A series of high profile incidents saw his career take a downward spiral and from Liverpool, he had spells at Aston Villa, Leicester City, Fulham, Real Oviedo and Bradford City.
Constantly struggling with depression, Stan the Man has been involved with some bizarre episodes including a run in with Ulrika Johnsson, a spot of dogging, appearances in both Basic Instinct 2 and the Jeremy Kyle show as well as attempting to rile the entire nation every Saturday evening on his TalkSport radio show.
10. Francis Jeffers
Described by Arsene Wenger as a “fox in the box”, the big eared scouser was signed from Everton in 2001 when the French philosopher felt his side needed more of a cutting edge. That it never worked out that way is possibly the reason why Arsenal teams to this day are accused of trying to pass the ball into the net. Maybe the selective sighted Wenger doesn’t actually trust a player who simply scores goals.

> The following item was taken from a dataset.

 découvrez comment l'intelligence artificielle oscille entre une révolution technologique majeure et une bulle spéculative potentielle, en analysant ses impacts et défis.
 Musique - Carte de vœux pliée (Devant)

Four goals in 22 appearances led to Jeffers being loaned back to Goodison Park before he embarked on a tour of British clubs. Currently playing for Newcastle (no, not that one, the Jets in Australia) Jeffers is probably still attempting to justify his solitary England call up.
11. Harry Kewell
I’m not a fan of Liverpool Football Club, in fact I positively dislike them. The fact that my Grandad was a fan and persuaded my Mam to name me Kevin in tribute to Keegan never once tempted me to follow the fortunes of the Merseysiders. However, when Harry Kewell joined the Scouse club in 2003, even I was quite excited at the prospect of an already capable team being strengthened by the arrival of this young wing wizard. The way I saw it at the time was that the Aussie was the final piece of the Anfield jigsaw.

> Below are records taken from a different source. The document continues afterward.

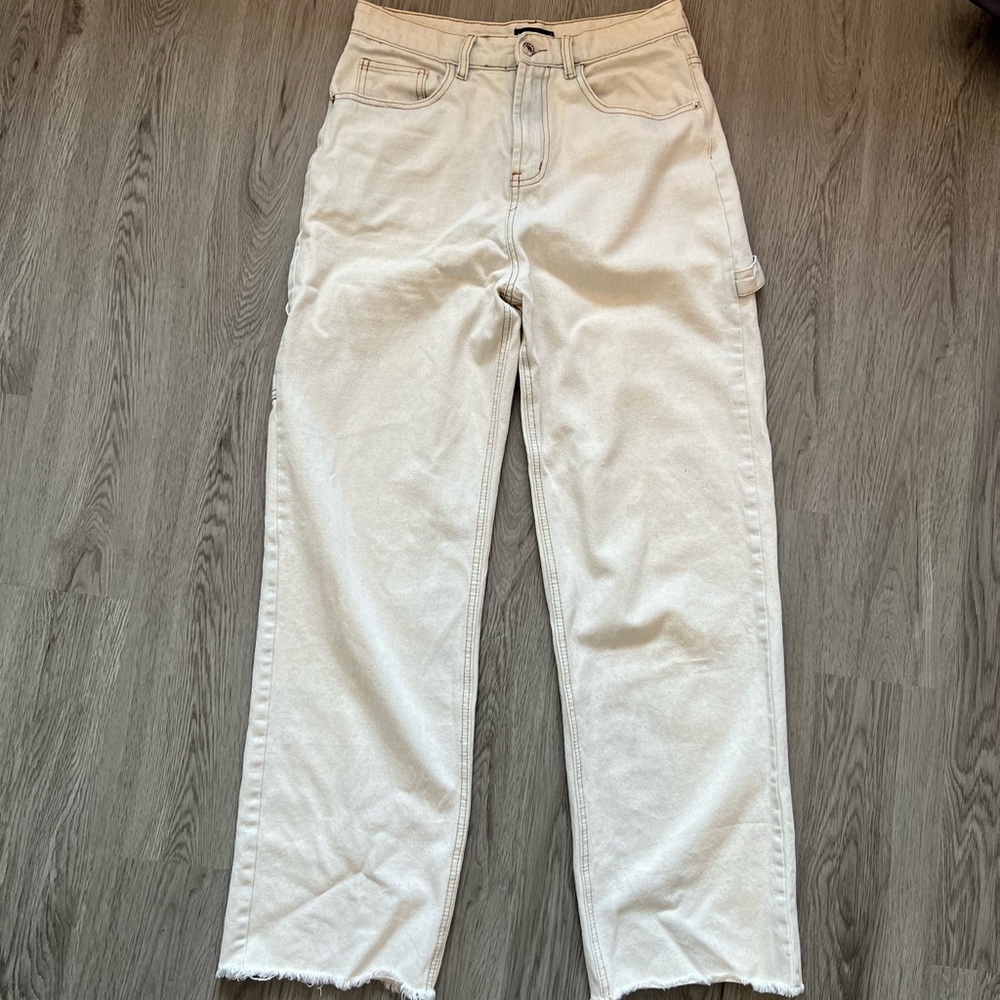 Off white/ cream jeans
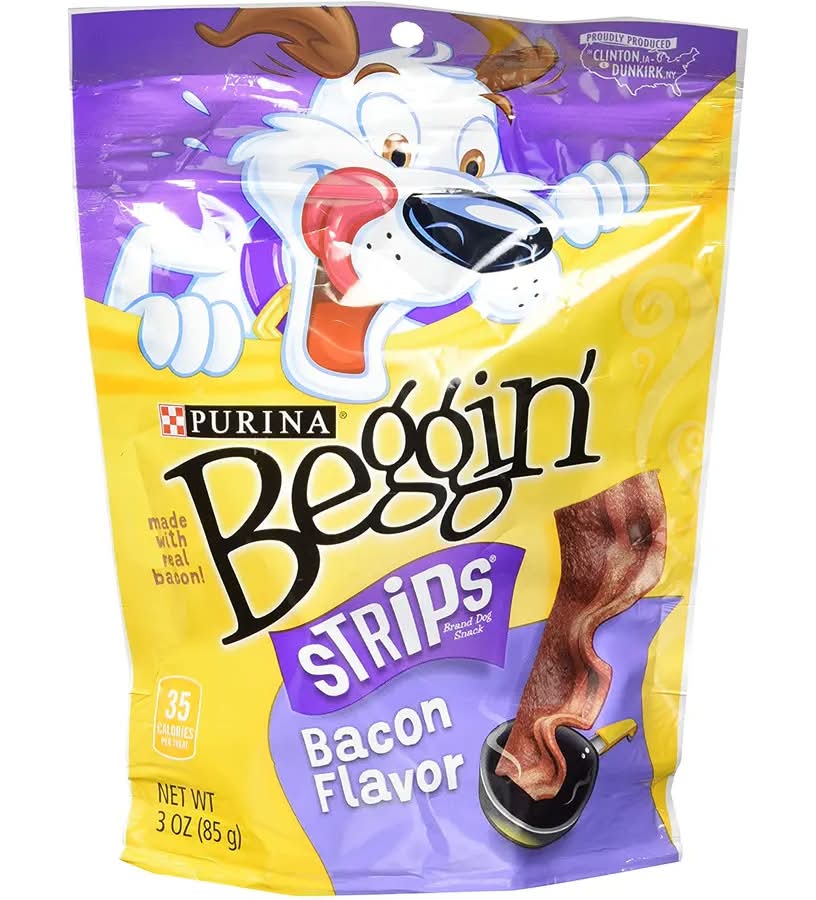 Beggin' Strips Real Meat Dog Treats Bacon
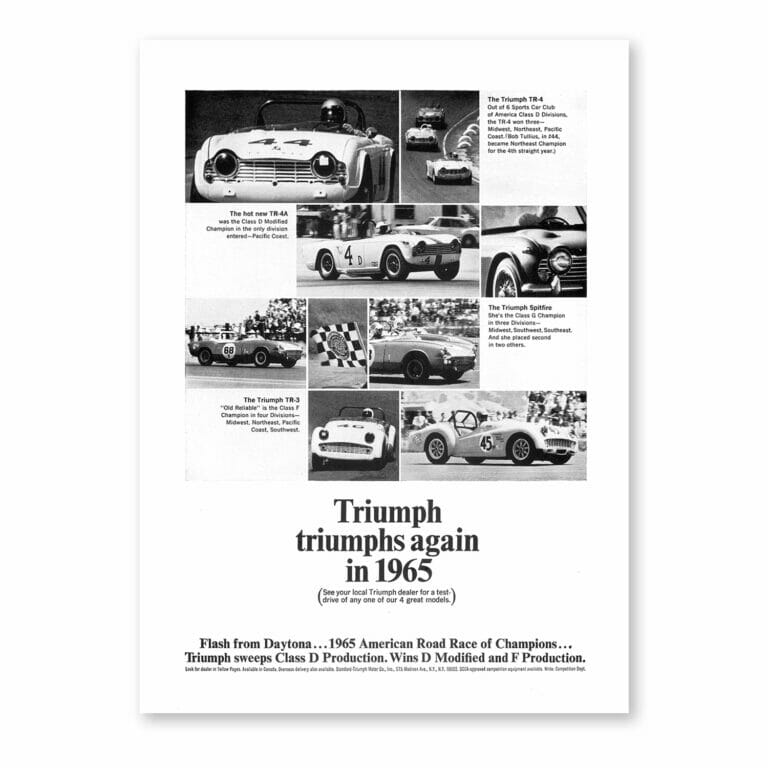 RFP174 Triumph Triumphs again 1965 Classic print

A player who was the shining light of the exciting Leeds United team who went all the way to the Champions League semi-final, Kewell never made the grade at Liverpool. Admittedly injuries played their part, Harry was restricted to 93 appearances in five seasons, but whenever I saw him in a red shirt he seemed a shadow of the player that I remembered from his Leeds days. Kewell left in 2008 for Galatasaray and another player that was going to fire Liverpool to Premier League glory had failed to deliver.